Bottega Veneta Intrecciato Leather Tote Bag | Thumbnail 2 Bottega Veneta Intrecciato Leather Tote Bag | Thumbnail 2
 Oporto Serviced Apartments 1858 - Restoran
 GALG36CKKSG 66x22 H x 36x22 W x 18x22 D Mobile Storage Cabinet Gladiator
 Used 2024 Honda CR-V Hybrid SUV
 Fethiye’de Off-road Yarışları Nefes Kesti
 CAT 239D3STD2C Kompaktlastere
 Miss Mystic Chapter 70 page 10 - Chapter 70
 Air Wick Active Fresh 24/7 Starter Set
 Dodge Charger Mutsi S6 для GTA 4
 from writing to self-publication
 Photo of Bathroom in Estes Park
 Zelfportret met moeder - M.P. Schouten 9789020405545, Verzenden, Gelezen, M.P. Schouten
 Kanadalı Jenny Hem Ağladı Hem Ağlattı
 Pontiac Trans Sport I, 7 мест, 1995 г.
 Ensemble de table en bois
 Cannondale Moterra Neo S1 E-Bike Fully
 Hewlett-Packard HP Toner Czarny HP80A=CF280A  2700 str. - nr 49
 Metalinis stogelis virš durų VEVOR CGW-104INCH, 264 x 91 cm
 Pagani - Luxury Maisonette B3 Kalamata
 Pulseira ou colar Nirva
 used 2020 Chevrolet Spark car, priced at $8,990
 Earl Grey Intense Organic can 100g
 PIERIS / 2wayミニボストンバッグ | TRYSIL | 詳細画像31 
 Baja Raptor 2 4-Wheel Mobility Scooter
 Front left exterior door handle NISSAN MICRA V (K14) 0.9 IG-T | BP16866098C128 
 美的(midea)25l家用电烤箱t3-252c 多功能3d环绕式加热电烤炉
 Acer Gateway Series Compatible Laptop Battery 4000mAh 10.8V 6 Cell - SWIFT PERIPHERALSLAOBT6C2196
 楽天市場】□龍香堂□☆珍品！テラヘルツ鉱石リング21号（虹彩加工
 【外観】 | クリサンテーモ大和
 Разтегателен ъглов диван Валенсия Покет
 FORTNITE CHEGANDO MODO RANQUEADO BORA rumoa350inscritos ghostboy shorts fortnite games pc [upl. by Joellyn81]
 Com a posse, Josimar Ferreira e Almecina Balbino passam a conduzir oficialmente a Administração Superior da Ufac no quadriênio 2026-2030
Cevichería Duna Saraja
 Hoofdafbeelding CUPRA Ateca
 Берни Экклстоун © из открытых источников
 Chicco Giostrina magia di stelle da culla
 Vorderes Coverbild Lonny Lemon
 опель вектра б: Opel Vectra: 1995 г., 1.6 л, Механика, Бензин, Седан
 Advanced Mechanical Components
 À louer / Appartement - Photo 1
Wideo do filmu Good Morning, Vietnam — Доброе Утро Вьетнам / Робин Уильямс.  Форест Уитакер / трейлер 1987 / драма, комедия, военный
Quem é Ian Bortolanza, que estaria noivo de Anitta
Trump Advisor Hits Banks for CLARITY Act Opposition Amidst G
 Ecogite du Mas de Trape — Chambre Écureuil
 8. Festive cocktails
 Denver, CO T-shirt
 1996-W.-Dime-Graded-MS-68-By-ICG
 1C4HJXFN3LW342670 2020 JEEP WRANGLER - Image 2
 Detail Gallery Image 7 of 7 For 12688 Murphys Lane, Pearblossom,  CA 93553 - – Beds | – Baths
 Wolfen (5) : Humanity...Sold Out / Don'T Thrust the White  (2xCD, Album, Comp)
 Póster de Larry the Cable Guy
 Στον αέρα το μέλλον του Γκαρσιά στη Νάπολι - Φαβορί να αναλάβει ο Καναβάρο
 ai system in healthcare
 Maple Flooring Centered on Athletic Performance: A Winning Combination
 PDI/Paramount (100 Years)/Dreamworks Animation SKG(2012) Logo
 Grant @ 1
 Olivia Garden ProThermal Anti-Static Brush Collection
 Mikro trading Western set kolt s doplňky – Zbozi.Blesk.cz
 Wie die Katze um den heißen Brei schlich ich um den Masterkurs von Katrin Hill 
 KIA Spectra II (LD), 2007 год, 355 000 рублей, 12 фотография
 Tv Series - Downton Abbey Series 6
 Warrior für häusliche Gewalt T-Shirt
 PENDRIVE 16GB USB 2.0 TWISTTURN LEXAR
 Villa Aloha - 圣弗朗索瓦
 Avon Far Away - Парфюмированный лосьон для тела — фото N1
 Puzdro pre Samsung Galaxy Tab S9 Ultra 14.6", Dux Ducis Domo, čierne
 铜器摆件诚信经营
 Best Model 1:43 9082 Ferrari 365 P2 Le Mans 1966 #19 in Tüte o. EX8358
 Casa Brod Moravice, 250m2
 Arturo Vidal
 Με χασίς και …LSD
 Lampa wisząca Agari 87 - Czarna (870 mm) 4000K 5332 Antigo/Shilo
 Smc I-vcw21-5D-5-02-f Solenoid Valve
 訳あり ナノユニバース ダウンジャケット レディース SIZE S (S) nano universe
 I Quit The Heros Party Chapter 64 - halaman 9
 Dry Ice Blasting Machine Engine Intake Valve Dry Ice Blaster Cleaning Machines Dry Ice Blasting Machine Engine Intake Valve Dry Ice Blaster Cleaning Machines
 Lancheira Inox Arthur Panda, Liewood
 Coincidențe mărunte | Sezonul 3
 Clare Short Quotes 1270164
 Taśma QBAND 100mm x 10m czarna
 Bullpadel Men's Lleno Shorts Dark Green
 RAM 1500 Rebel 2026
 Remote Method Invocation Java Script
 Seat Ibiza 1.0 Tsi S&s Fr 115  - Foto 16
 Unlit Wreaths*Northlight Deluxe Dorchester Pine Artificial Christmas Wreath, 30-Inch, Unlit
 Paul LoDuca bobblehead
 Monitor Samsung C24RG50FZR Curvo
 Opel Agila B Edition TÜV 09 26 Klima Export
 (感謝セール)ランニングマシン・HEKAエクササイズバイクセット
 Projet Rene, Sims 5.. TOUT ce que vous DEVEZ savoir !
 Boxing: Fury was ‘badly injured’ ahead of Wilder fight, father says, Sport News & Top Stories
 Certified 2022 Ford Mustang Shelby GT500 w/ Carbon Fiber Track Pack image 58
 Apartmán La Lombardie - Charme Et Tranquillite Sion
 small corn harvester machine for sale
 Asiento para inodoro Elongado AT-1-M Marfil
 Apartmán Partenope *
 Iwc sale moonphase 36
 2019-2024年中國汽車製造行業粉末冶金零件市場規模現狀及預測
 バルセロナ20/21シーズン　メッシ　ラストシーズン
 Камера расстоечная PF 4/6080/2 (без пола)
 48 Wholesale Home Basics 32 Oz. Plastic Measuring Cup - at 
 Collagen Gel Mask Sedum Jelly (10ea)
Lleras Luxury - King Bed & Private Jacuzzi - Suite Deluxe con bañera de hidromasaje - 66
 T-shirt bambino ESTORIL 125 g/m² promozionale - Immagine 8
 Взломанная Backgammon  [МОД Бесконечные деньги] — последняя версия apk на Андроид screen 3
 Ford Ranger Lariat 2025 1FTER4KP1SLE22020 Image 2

» **WHAT TO PRODUCE**
Find each line above that contains "Opel", and copy those lines.

» **RESPONSE BOX**
 опель вектра б: Opel Vectra: 1995 г., 1.6 л, Механика, Бензин, Седан
 Opel Agila B Edition TÜV 09 26 Klima Export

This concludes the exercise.